We implement the function $a$ in the Attention Mechanism to transform the concatenated input through a multilayer perceptron with a single hidden layer. The input of the hidden layer is a one-to-one concatenation between the hidden state of the decoder and the hidden state of the encoder on all time steps, which uses tanh as the activation function. The number of outputs of the output layer is 1. Neither `Dense` instance use a bias and they set `flatten=False`. Here, the length of the vector $\boldsymbol{v}$ in the $a$ function definition is a hyper-parameter, i.e. `attention_size`.

In [10]:
def attention_model(attention_size):
    model = nn.Sequential()
    model.add(nn.Dense(attention_size, activation='tanh', use_bias=False,
                       flatten=False),
              nn.Dense(1, use_bias=False, flatten=False))
    return model

### Hardmax
Hardmax takes the input data and converts it into a corresponding one-hot encoded tensor along the rows

In [11]:
def hardmax(data):
    return data.argmax(-1).one_hot(data.shape[-1])

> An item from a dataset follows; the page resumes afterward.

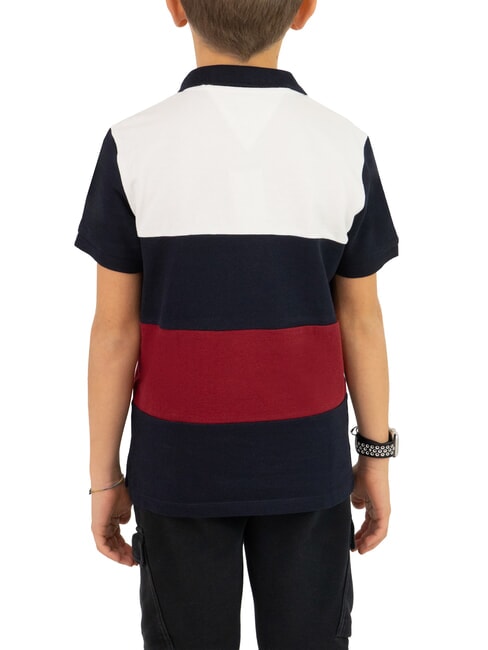 TH KIDS Children's short-sleeved polo shirt red / white / blue - Child T-shirt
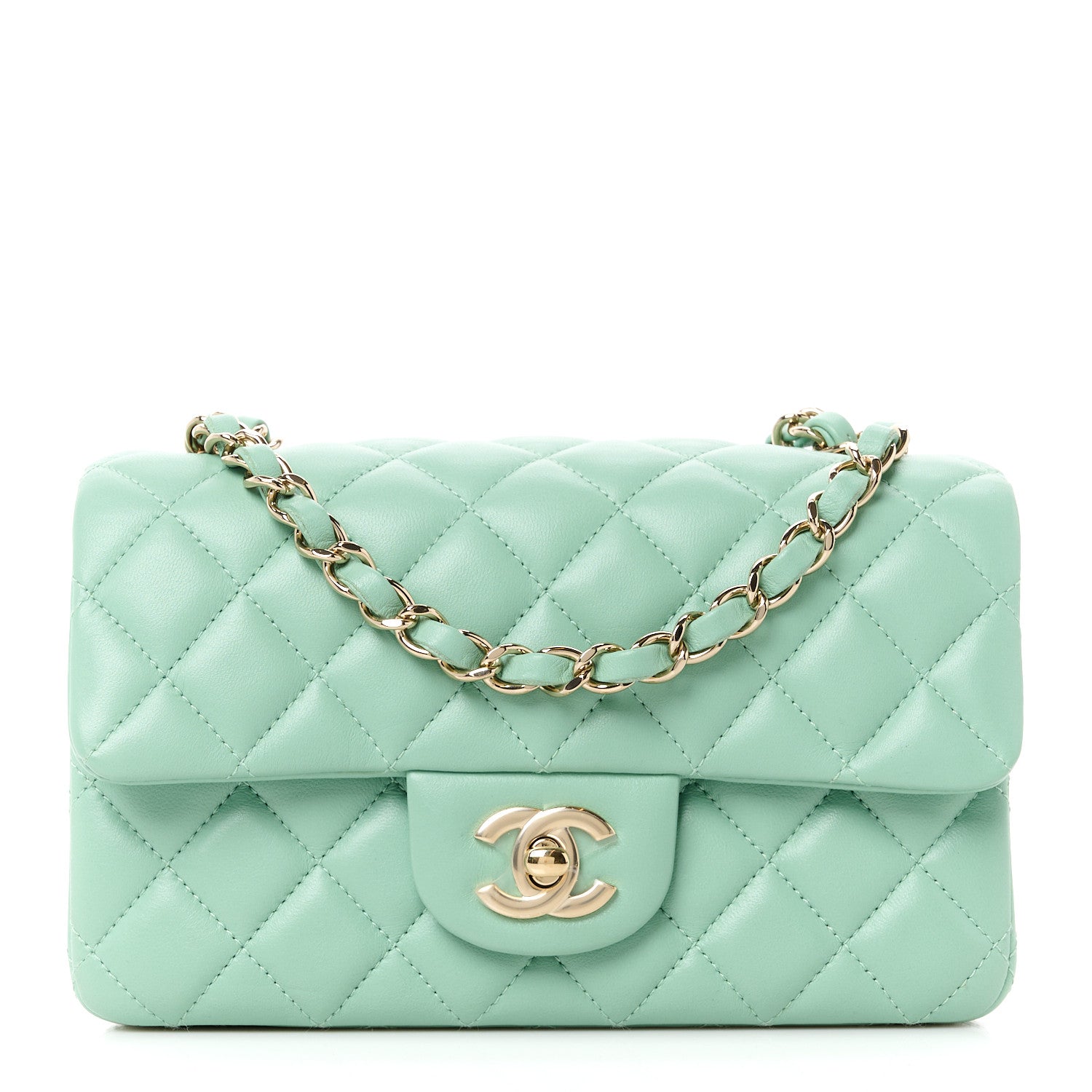 Chanel Lambskin Quilted Mini Rectangular Flap Light Green 1 of 11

The inputs of the attention model include query items, key items, and value items. Assume the encoder and decoder have the same number of hidden units. The query item here is the hidden state of the decoder in the previous time step, with a shape of (batch size, number of hidden units); the key and the value items are the hidden states of the encoder at all time steps, with a shape of (number of time steps, batch size, number of hidden units). The attention model returns the context variable of the current time step, and the shape is (batch size, number of hidden units).

In [18]:
def attention_forward(model, enc_states, dec_state, is_hardmax):
    dec_states = nd.broadcast_axis(
        dec_state.expand_dims(0), axis=0, size=enc_states.shape[0])
    enc_and_dec_states = nd.concat(enc_states, dec_states, dim=2)
    e = model(enc_and_dec_states)  # Shape is (number of time steps, batch size, 1)
    if(is_hardmax):
        alpha = hardmax(e)  # Perform hardmax operationo
    else:
        alpha = nd.softmax(e, axis=0) # Perform hardmax operation on timestep dimension
    return (alpha * enc_states).sum(axis=0)  # return context variable

In the example below, the encoder has 10 time steps and a batch size of 4. Both the encoder and the decoder have 8 hidden units. The attention model returns a mini-batch of context vectors, and the length of each context vector is equal to the number of hidden units of the encoder. Therefore, the output shape is (4, 8).

In [13]:
# seq_len, batch_size, num_hiddens = 10, 4, 8
# model = attention_model(10)
# model.initialize()
# enc_states = nd.zeros((seq_len, batch_size, num_hiddens))
# dec_state = nd.zeros((batch_size, num_hiddens))
# attention_forward(model, enc_states, dec_state).shape

### Decoder with Attention Mechanism

We directly use the hidden state of the encoder in the final time step as the initial hidden state of the decoder. This requires that the encoder and decoder RNNs have the same numbers of layers and hidden units.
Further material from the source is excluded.